Мы ведь состоим из того, что мы едим, из того, чем мы дышим, о чем думаем. Все вместе выливается в то, что мы есть. И когда мы говорим, что мы – это то что мы едим и пьем, это не просто поэтическое выражение.

Что такое земля? Это слои. Сверху гумус, а в глубине – каменные слои, скальные породы. Они – ваш источник минералов. И когда вы занимаетесь виноделием, образно говоря, ваша задача – дать голос этим скальным породам, чтобы они заговорили у вас в бокале.

А если это плоская история – ты выпил это вино и у тебя закружилась голова – это не интересно.

– В каком возрасте вы сами стали пить?

– Я первый раз напился, когда мне было три года. Я украл бутылку пива.

А потом, когда мне было пять, я добивался того, чтобы один бокал мне полагался. Наш дом был всегда полон гостей, и я отвоевал для себя это право: и если все пьют, то и я должен тоже выпить. Я не знаю, подмешивали они туда воду или нет. Но они не знали, что я еще и на кухне краду.

В молодости я, бывало, пил несколько бутылок за один присест. Но с возрастом отношение меняется: я уже не люблю пьянеть. И отказался пить в таких количествах. Хотя вот эти вина я могу пить несколько бутылок за вечер. По западным меркам я, наверное, алкоголик.

Вообще все, кто тут бывал, отмечали, что здешние вина легкие и питкие. Все пишут, что в Грузии пили много всегда. И при этом было же негласное правило, что ты не должен напиться. Тот кто напился, он не умеет пить. И если бы это были тяжелые вина, то как бы тогда проходили долгие грузинские застолья?

– Водой разбавляли, как греки?

– Нет, в том-то и дело. Греки разбавляли, в том числе даже морской водой. Это еще у Геродота описано. Вы можете представить себе, что они пили, если даже морская вода была в радость? Я думаю, их вино было очень сладким. В средиземноморском климате их виноград быстро набирал сахар, и эту патоку им приходилось разбавлять чем-то.

А Грузия шла по пути легкости. Я думаю, что грузинское застолье было национальным актом психотерапии, когда люди садились вместе и подбадривали друг друга, говорили, что завтрашний день будет лучше. И у нас эта практика не прервалась, мы друг с другом и сегодня продолжаем разговаривать, обниматься, целоваться. И застолье было многочасовое и самодостаточное, тут же и пели, и плясали. И это должно было быть вино легкое, оно должно было веселить и расслаблять, а не опьянять.

О рождении вина

– В Грузии свои, особенные сорта винограда, которые до сих пор культивируются только здесь. Почему?

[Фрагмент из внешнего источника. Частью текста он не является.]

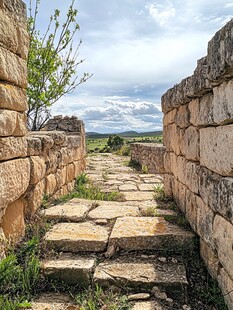 古老石径与斑驳石墙景观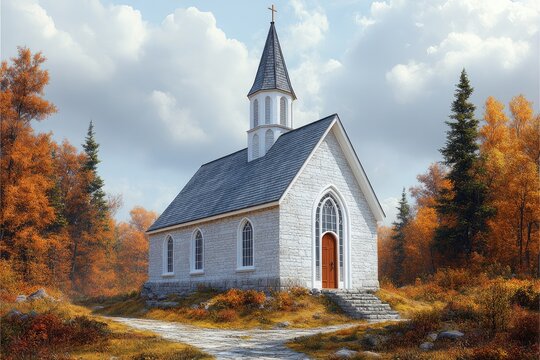 Autumnal church nestled in a woodland path.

– И слава богу, что так. У нас 525 разновидностей – больше чем в любой другой стране мира. Другие страны пошли по другому пути, они решили, что выделят 4-5 сортов винограда – шардоне и так далее. А еще в процессе глобализации они пришли к определенному стандарту. В супермаркете вы возьмете шардоне из любой страны, от Чили до Новой Зеландии, и оно будет пахнуть одинаково, на вкус будет одинаковое, как “Кока-Кола”.

А у грузин всегда было трепетное отношение к вину. Грузины, наверное, единственная винодельная нация, у которой нет понятия “делать вино”. У нас вино рождается. И винодел не делал вино, а помогал ему встать на ноги. Оно крепчало, росло, взрослело, входило в возраст, старилось, умирало. И это квеври, который мы когда-то закопали 8 тыс лет назад, это как раз пример того, как это было. Каждую весну из почвы рождалась новая жизнь (чисто как ребенок). И древние люди, делая этот квеври, словно бы повторяли материнскую утробу и вкладывали ее обратно в землю. Земля была богиней. И это был акт мольбы, просьба повторить эту загадку рождения. Как по мне – они были у истоков нарождающейся философии.